Less than a year after signing a multi-billion-dollar energy and trade agreement with China , Russian prime minister Vladimir Putin has inaugurated the Russian branch of a pipeline to supply oil to China .
On 29 August Russian prime minister Vladimir Putin launched opened an 84-km section of a crude oil pipeline spur running from Skovorodino in Eastern Siberia to the Amu River/Heilongjiang River crossing point on the border between Russia and China. The official ceremony took place in Skovorodino, in Russia ’s far eastern Amur region, and was also attended by the director of China ’s National Energy Administration, Zhang Guobao, as well as officials from China ‘s National Development and Reform Commission (NDRC) and the China National Petroleum Corp. (CNPC), involved in the project. The newly launched branch is part of the Eastern Siberia-Pacific Ocean (ESPO) pipeline that Transneft— Russia ’s state pipeline-operating monopoly—built after reaching an agreement with China ’s largest state-owned energy company, CNPC. At the end of the opening ceremony Putin added that he was confident that the Chinese section of the pipeline would be completed in a few months, enabling the delivery of Russian oil to China by the end of the year.

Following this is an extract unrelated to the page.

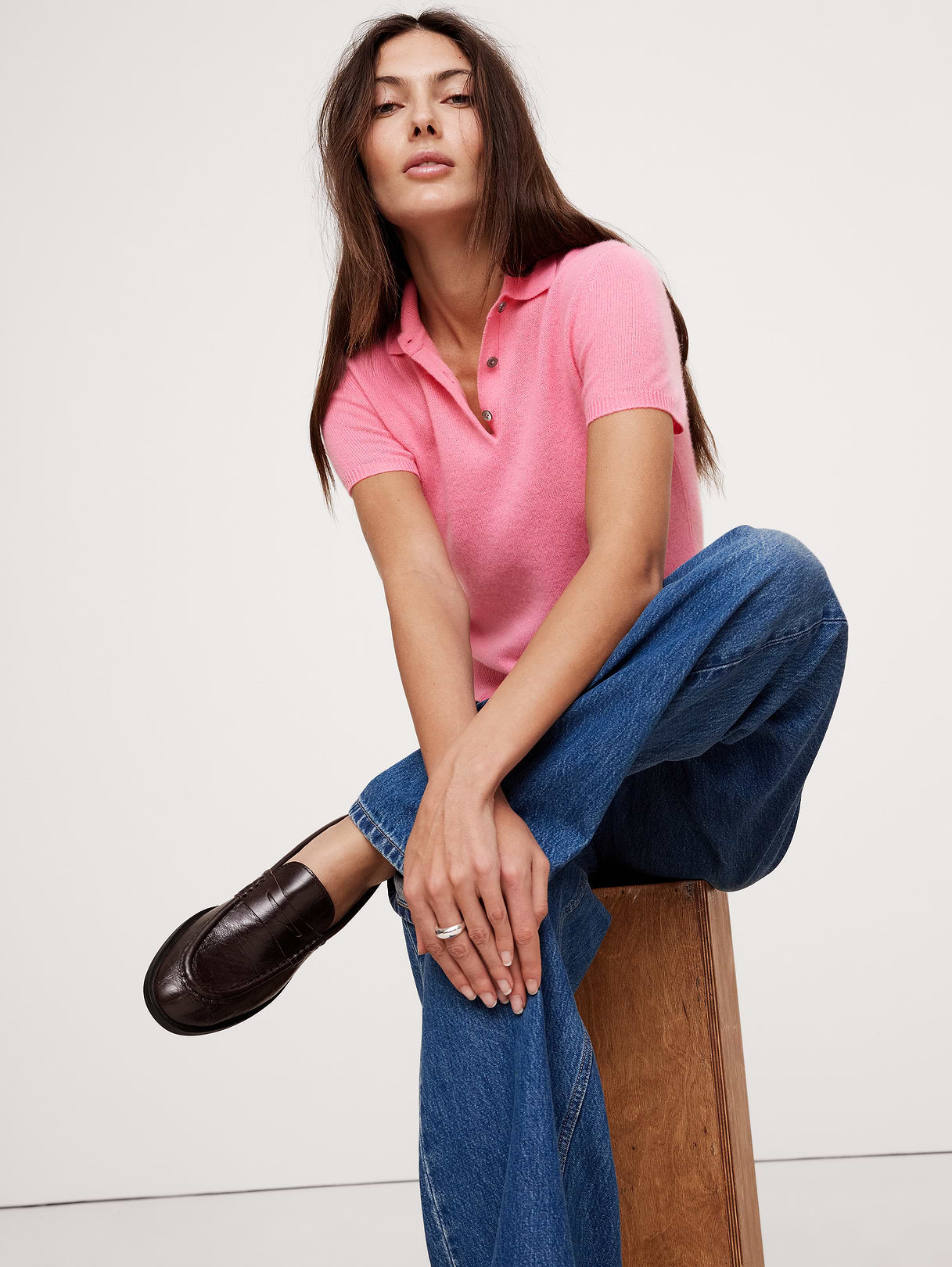 Lightweight Cashmere Short-Sleeve Sweater Polo - French Rose Pink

The launch of the Russian section of the pipeline has been long awaited by both parties. Putin has been instrumental in promoting energy and wider business with its eastern neighbour despite their troubled relationship in the past. During his visit to China in October 2009, Putin sealed some 40 trade deals worth remarkable US$3.5 billion with Chinese president Hu Jintao and his counterpart Wen Jiabao (see China – Russia: 14 October 2009: China and Russia Finalise Multi-Billion-Dollar Ten-Year Trade Deals). The centrepiece of this trade is energy co-operation. Russia agreed on a 20-year deal for oil supplies to China in return for US$25 billion in credit for Transneft and Russian state oil company Rosneft. The 4,000-km ESPO is set to run from Taishet in eastern Siberia to Nakhodka, in Russia ’s far east, while the Russia-China branch of ESPO is to run from Skovorodino to China ‘s north-eastern city of Daqing . The Russian government has indicated that China will initially receive 30 million tonnes of oil, which is likely to increase to 50 million tonnes annually.
Outlook and Implications
The new pipeline is like to become fully functional by the beginning of 2011. Besides brining Russian oil to China , it is sure to shape the bilateral ties of the two countries. The oil deliveries are likely to give a new impetus to a stalled and much larger gas deal that has been in the making since 2006 but has not been concluded because of disagreements over price formulae. Currently China imports no gas from Russian state-run gas giant Gazprom, but now it is hoped deliveries will commence in 2014–15, reaching China either by new pipelines or in liquefied natural gas form aboard tankers. The pricing formula still needs to be agreed; Russia would like it to mimic those of Europe , which peg the price of gas to that of crude oil. China ’s ever-growing hunger for hydrocarbons is certainly one of the drivers behind the construction of the pipeline. Nonetheless, the Russian government also has vested interests in expansion of the ESPO into China . It is keen to diversify its energy export routes and perhaps redirect some of the 120–130 million tonnes per year of oil shipments that are currently bound for Europe to the Asia-Pacific region instead. The diversification will benefit Russia for number of reasons, including cutting cost of transportation since China is closer to Siberian oilfields. It will also help Russia avoid its problematic neighbours to the west—namely Belarus and Ukraine —that have repeatedly caused problems for western-bound transit of Russian oil and gas shipments. The new pipeline is an important step to facilitate growth of Russian-Chinese energy co-operation, which is set to reach US$60 billion by the end of 2010. It also highlights the uneven nature of the bilateral economic ties, where some Russian critics have voiced their disapproval that the government is selling the country’s natural resources to China, a country that is hard to bargain with on price and reluctant to transfer new technologies to Russia.